Dicke auf die Matte!

Deutsche Ringer werden bei der WM in China schnell geschultert. Mit ungewöhnlichen Methoden soll sich das ändern

BERLIN/GUANGZHOU taz ■ Einen wie ihn bräuchten sie wieder. Olympiasieger, dreifacher Welt- und zweifacher Europameister – Maik Bullmann ist der ganze Stolz des Deutschen Ringer-Bundes (DRB). Der Halbschwergewichtler aus Frankfurt/Oder wurde am Rande der WM im chinesischen Guangzhou als erster Deutscher in die „Hall of Fame“ des internationalen Ringerverbands Fila aufgenommen.

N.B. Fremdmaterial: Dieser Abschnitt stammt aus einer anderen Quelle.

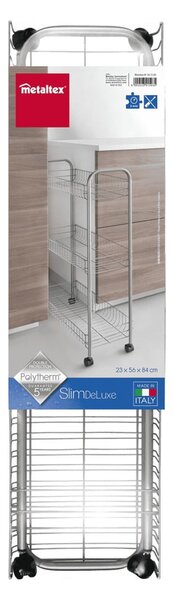 Pojízdný stojan s 3 policemi Metaltex Ascona Slim De Luxe, výška 84 cm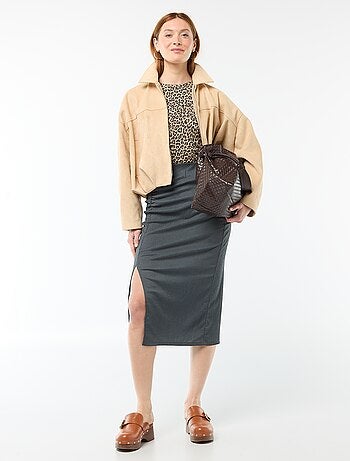 Saia midi em malha texturizada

Das Problem: Bullmanns Goldmedaille in Barcelona liegt 14 Jahre zurück. Inzwischen wird es schon als Erfolg gefeiert, wenn Konstantin Schneider in Guangzhou im 74-Kilogramm-Limit den fünften Platz erreicht. Mit Edelmetall rechnet in der deutschen Auswahl, der neun Ringer und sieben Ringerinnen angehören, eigentlich niemand.

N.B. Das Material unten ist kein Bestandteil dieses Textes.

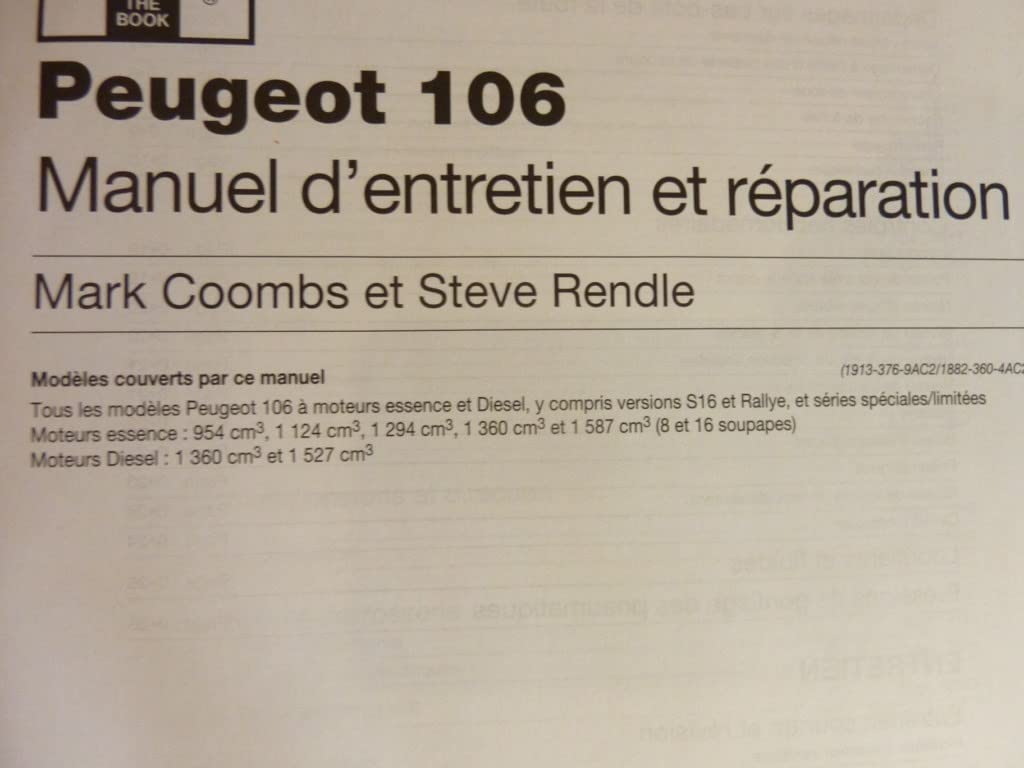 Peugeot 106 Essence Et Diesel (French service & repair manuals) Leisure, Home & Garden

Zu groß ist die Dominanz der Ringer aus den ehemaligen Ostblockstaaten, aus der Türkei und Griechenland. Während deutsche Athleten diese Phalanx in den 1970er- und 1980er-Jahren in regelmäßigen Abständen durchbrachen, sind sie in jüngster Zeit zunehmend chancenlos. Torsten Kloxin, DRB-Vizepräsident und im Verband zuständig für Marketing, erklärt das auch mit dem Zerfall des Ostblocks. Durch die Aufspaltung der ehemaligen GUS-Staaten sei die internationale Konkurrenz deutlich größer geworden: „Jetzt kommen von dort nicht mehr 5 Topathleten zu den Wettkämpfen, sondern 15 bis 20.“ Zudem könne in Georgien, der Ukraine oder Türkei ein erfolgreicher Ringer von seinem Sport leben. Während der DRB für einen Olympiasieg 15.000 Euro zahlt, gebe es in der Türkei dafür „mindestens ein Einfamilienhaus“. Hinzukommt: Ringen ist in Deutschland einfach nicht sexy. Während Nachwuchsringer hierzulande wegen ihrer zerbeulten Ohren bestenfalls belächelt werden, dürfen sich georgische Jungstars feiern lassen. „In solchen Ländern sind gute Ringer Vorbilder. Das schafft eine ganz andere Motivation“, sagt Kloxin.

Die großen Ringernationen können sich vor Talenten kaum retten, in Deutschland kämpfen die rund 500 Vereine mit rückläufigen Mitgliederzahlen – von leistungsbereiten Jugendlichen ganz von schweigen. Um den Trend aufzuhalten, hat der DRB eine Kampagne an Schulen gestartet, die sich speziell auf übergewichtige Kinder konzentriert. „Da Ringen eine Gewichtsklassensportart ist, haben sie nicht von vornherein einen zu großen Nachteil“, so Kloxin.

Als Vorbilder für den potenziellen Nachwuchs sollen Felix Menzel, Jan Fischer und Christin Büttner dienen. Menzel wurde bei den unter 20-Jährigen Europameister, Fischer und Büttner holten bei der WM Bronze. „Das sind unsere Sterne am Himmel, aber leider die Ausnahme“, sagt Helmut Börner, Geschäftsführer des Luckenwalder SC.

Der Macher beim Deutschen Meister ist optimistischer als Kloxin. Der DRB müsse mehr gestalten, stärker an den Trainingsstützpunkten vor Ort sein, mehr kontrollieren, fordert Büttner. „In fachsportlicher Hinsicht ist da ziemliche Funkstille. Von den Bundestrainern kommen wenig Ideen.“ Dabei liege das Defizit der deutschen Ringer im internationalen Vergleich nicht im athletischen, sondern im technisch-taktischen Bereich.

Kloxin kontert mit dem Verweis auf die geringen Einsatzzeiten, die deutsche Ringer bei den Spitzenklubs erhalten. In Luckenwalde gehören nur zwei Deutsche zur ersten Mannschaft. „Wir würden uns da eine Selbstregulierung durch die Vereine wünschen. Vorschreiben können wir ihnen eine Quote seit dem Bosman-Urteil nicht mehr“, klagt Kloxin. Die Crux: Die ausländischen Topstars reisen nur zu den Wettkämpfen an, trainieren aber in ihrer Heimat. Einheimischen Spitzenkräften fehlen somit starke Übungspartner. Ohne harte Konkurrenz im Training aber ist der Vorstoß zu den Besten kaum möglich.

Beim Ringer-Bund werden sie wohl noch lange auf einen wie Maik Bullmann warten müssen.